From the October 24th editorial of the NJ Law Journal:
In its 2009 ruling in LoBiondo v. Schwartz, our Supreme Court declined to read into the common law a mechanism to filter out so-called SLAPP (Strategic Lawsuits Against Public Participation) suits, which are often brought by corporations, real estate developers, government officials and others against individuals and community groups who oppose them on issues of public concern.
SLAPP suits use claims such as defamation, conspiracy, malicious prosecution, nuisance, interference with contract and/or economic advantage to derail public debate and put those exercising their free speech rights on the defensive for activities as innocuous as writing a letter to an editor, reporting unlawful activity, circulating petitions, erecting signs on their property or speaking at public meetings.
Numerous states, most notably California and New York, have enacted statutes that require prediscovery judicial review that would determine whether these suits are meant to stifle free speech or include bona fide claims, thus avoiding the “chill” of expensive discovery…
Recently, the state Assembly Judiciary Committee sent to the full Assembly A3505, a bill allowing judges to dismiss a SLAPP suit without requiring the defendant to undergo lengthy and costly discovery before considering a motion for summary judgment. As currently written, the bill allows a SLAPP defendant to file a special motion to dismiss within 45 days of receiving the complaint. The motion would be granted if the defendant makes a prima facie showing that the claim arises from an act in furtherance of the right of advocacy on an issue of public interest, unless the responding party demonstrates that the claim is likely to succeed on the merits, in which case the motion would be denied.
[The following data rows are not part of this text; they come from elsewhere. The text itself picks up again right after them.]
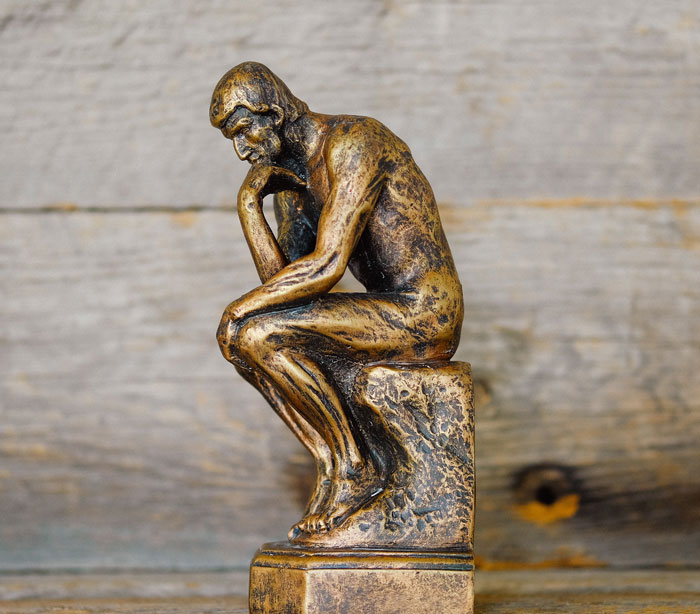 Person thinking statue 
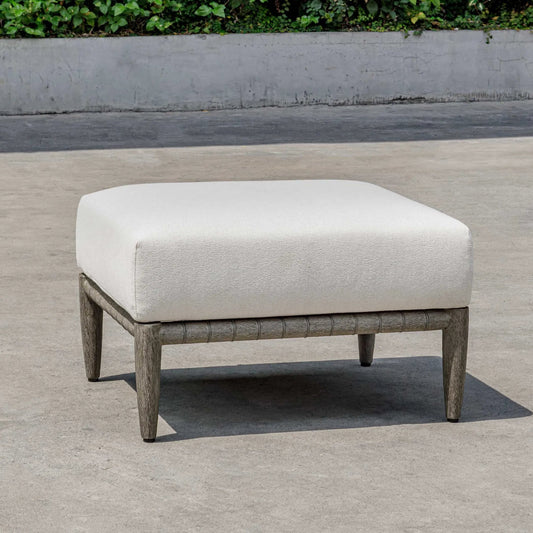 Borneo Outdoor Ottoman by Uttermost in oyster. Made from mahogani wood, fabric crescent cloud dancer in a unique style.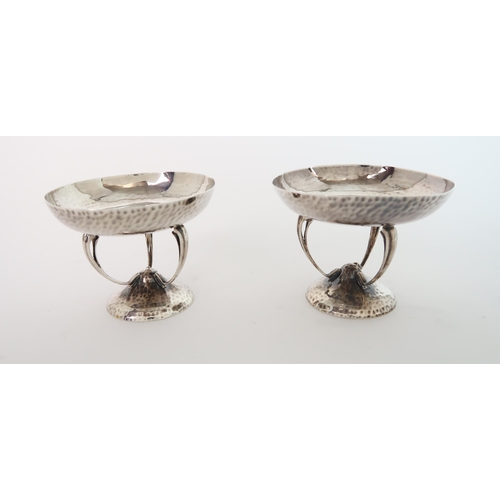 750 - A PAIR OF ARTS AND CRAFTS HAMMERED SILVER BON BON DISHES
Discovery would be stayed pending the outcome of the motion to dismiss unless a judge determines that some limited discovery would not be too onerous for the defendant. Under the bill, a successful attorney would be entitled to attorney fees and costs, in addition to a $10,000 statutory penalty.
Most SLAPP lawsuits are not designed to be legally successful, and most have at least a trace modicum of merit that would allow it to proceed without any real possibility ofLoBiondo‘s SLAPP-back sanctions. In any case, we know that judges are loath to issue such sanctions…
The cost of prosecuting such suits are part of the cost of doing business and defending a SLAPP suit—even when defenses are strong—requires a substantial investment of money, time and resources that most defendants and organizations do not have. This not only removes the dispute from the public body that should be determining the issue, but it chills participation in the public debate—something that is at the heart of the First Amendment.
“The point is not to win the lawsuit but to push back against people,” Assemblyman Joseph Lagana, the bill’s chief sponsor, told the committee. “The whole point of this legislation is to dismiss these cases as soon as possible.”